§ Source data
---+---

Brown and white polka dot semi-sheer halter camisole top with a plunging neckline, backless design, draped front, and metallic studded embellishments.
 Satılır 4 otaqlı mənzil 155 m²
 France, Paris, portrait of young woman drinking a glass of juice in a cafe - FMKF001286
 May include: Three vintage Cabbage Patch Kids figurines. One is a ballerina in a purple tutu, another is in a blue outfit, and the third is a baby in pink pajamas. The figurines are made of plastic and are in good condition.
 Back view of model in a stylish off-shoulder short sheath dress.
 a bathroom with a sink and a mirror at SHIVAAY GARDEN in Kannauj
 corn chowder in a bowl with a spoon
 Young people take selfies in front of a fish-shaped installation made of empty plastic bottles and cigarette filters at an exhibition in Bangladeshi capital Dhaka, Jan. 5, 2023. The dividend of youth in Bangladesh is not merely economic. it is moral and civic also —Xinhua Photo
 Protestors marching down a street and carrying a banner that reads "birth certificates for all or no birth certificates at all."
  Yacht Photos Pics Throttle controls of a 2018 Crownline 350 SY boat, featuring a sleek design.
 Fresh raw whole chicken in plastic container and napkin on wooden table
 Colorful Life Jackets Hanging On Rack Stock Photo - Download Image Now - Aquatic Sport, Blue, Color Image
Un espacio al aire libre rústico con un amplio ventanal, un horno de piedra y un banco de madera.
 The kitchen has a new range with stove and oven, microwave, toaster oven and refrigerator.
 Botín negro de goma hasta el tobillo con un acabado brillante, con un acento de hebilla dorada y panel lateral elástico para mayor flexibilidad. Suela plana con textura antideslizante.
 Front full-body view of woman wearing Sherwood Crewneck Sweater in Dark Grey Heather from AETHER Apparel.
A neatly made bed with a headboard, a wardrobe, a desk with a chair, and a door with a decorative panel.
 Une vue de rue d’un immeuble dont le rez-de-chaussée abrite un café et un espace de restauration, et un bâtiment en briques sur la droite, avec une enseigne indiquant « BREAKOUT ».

---+---

§ Problem details
Retype, without changes, the lines from the line holding "Colorful Life Jackets" to the end of the data, both ends included.

§ Reply to the exercise
 Colorful Life Jackets Hanging On Rack Stock Photo - Download Image Now - Aquatic Sport, Blue, Color Image
Un espacio al aire libre rústico con un amplio ventanal, un horno de piedra y un banco de madera.
 The kitchen has a new range with stove and oven, microwave, toaster oven and refrigerator.
 Botín negro de goma hasta el tobillo con un acabado brillante, con un acento de hebilla dorada y panel lateral elástico para mayor flexibilidad. Suela plana con textura antideslizante.
 Front full-body view of woman wearing Sherwood Crewneck Sweater in Dark Grey Heather from AETHER Apparel.
A neatly made bed with a headboard, a wardrobe, a desk with a chair, and a door with a decorative panel.
 Une vue de rue d’un immeuble dont le rez-de-chaussée abrite un café et un espace de restauration, et un bâtiment en briques sur la droite, avec une enseigne indiquant « BREAKOUT ».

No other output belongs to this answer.